И вот, я скажу тебе, что грубый, но здравомыслящий господин Борель, быть может, прав, и надо серьезно задуматься над его словами, рисующими твоего Жака; «Он никогда не пьянеет, сколько бы ни выпил, никогда не теряет хладнокровия». Если бы мне сказали это о господине де Вансе или о маркизе де Нуази, я бы смеялась, как засмеялась ты, когда это сказано было о Жаке; но поскольку речь шла о нем, я не стала бы смеяться. Господин Жак жил среди людей, которые пьют, хмелеют и болтают; какое бы воспитание ему ни довелось получить, он с шестнадцати лет стал солдатом Бонапарта, следовательно, из него должен был получиться человек, равный господину Борелю или бесконечно выше его; берегись, Фернанда, я склонна думать, что он выше, — судя по всему, что ты мне рассказывала о нем. Но что, если мы обе ошибаемся? Что, если он ниже всех этих храбрых солдафонов, которых ты так любишь? Они по крайней мере отличаются откровенностью и честностью. Что, если вся его сдержанность, которую ты считаешь благородством манер, — просто осторожность человека, скрывающего какой-то свой порок? Скажу напрямик, что я опасаюсь. Мне пришло на ум, что господин Жак принадлежит к числу жуиров зрелого возраста, — все они распутники и гордецы. У этих людей все — сплошная тайна, но лучше не пытаться откинуть завесу, скрывающую истину. Больше ничего не решаюсь сказать, и к тому же я, быть может, глубоко ошибаюсь.
X
От Жака — Сильвии
Ну что ж, да — это любовь, это безумие. Называй это как угодно, даже преступлением, если хочешь. Может быть, я в этом раскаюсь, да уж будет поздно: может быть, по моей вине окажутся двое несчастных вместо одного, но я уже не могу рассуждать, я качусь по наклонной плоскости, я скатываюсь в пропасть. Я люблю и любим. Я не способен ни думать, ни чувствовать что-нибудь иное.
Ты не знаешь, что значит для меня — любить. Нет, я тебе этого никогда не говорил, потому что, любя, я испытываю эгоистическую потребность замкнуться в самом себе и скрывать свое счастье, как тайну. Ты единственный в мире человек, которому я мог открыться, но способен я был на это в редкие мгновения. Бывали такие минуты в моей жизни, когда одному только Богу я мог доверить свою скорбь или радость.
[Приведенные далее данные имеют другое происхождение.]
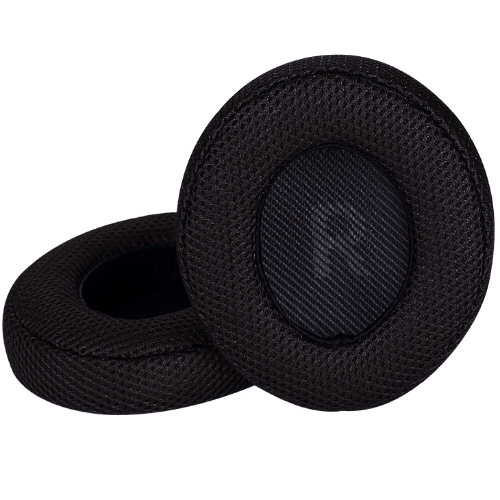 BOOM ear cushions SPORT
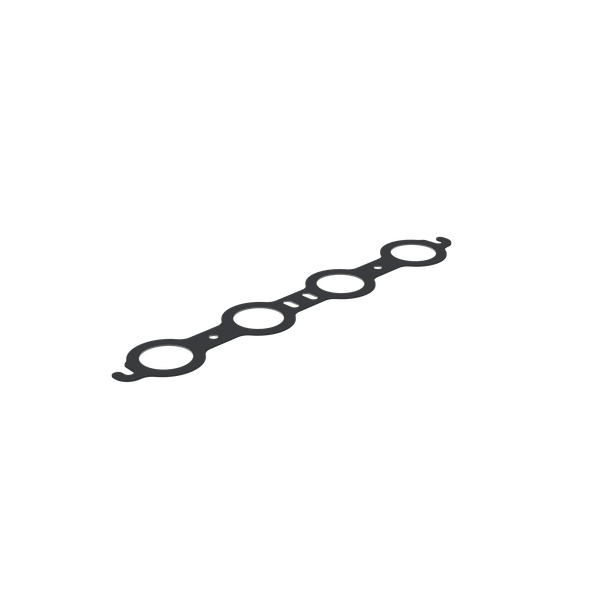 Order VOLVO PENTA 23613161 Gasket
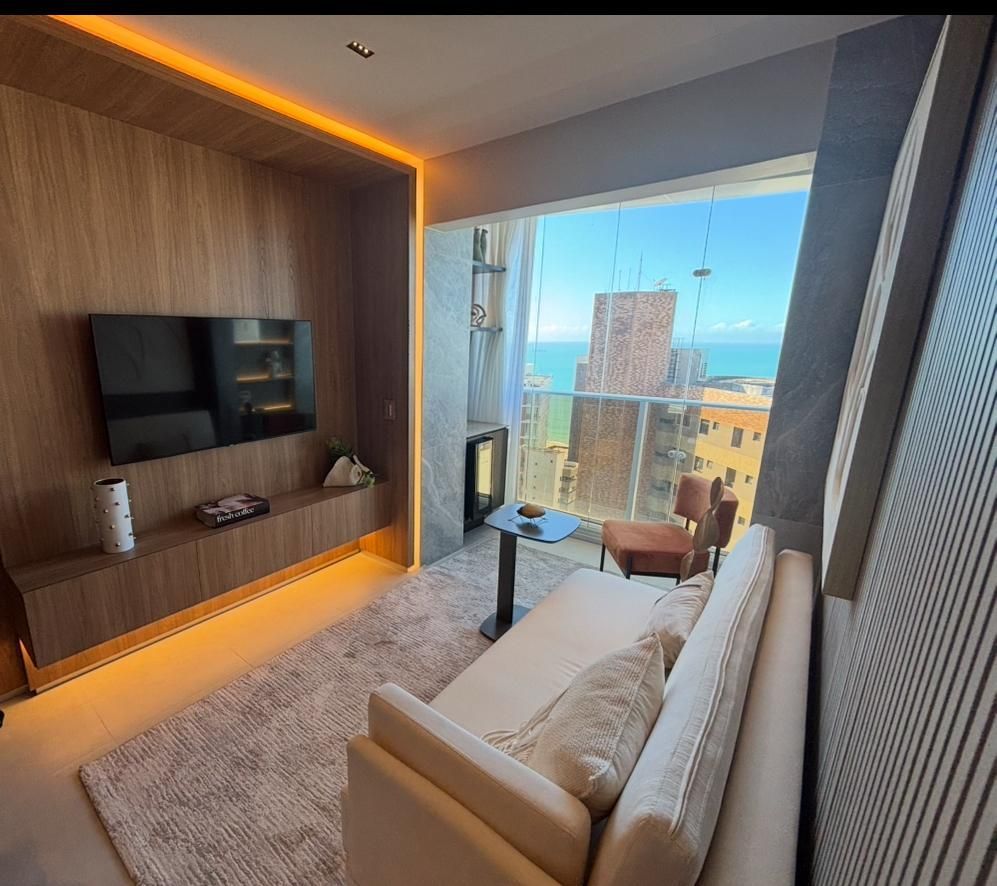Apartamento, 2 quartos, 58 m² - Foto 16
Сегодня я попытаюсь открыть тебе всю свою душу, чтобы ты могла спуститься на дно пропасти, неведомой мне самому, как ты говоришь. Может быть, ты увидишь, что я не такой уж грозный борец, каким ты меня считаешь; может быть, гордая моя Сильвия, ты будешь меньше меня любить, увидев во мне больше человеческих слабостей, чем ты полагала.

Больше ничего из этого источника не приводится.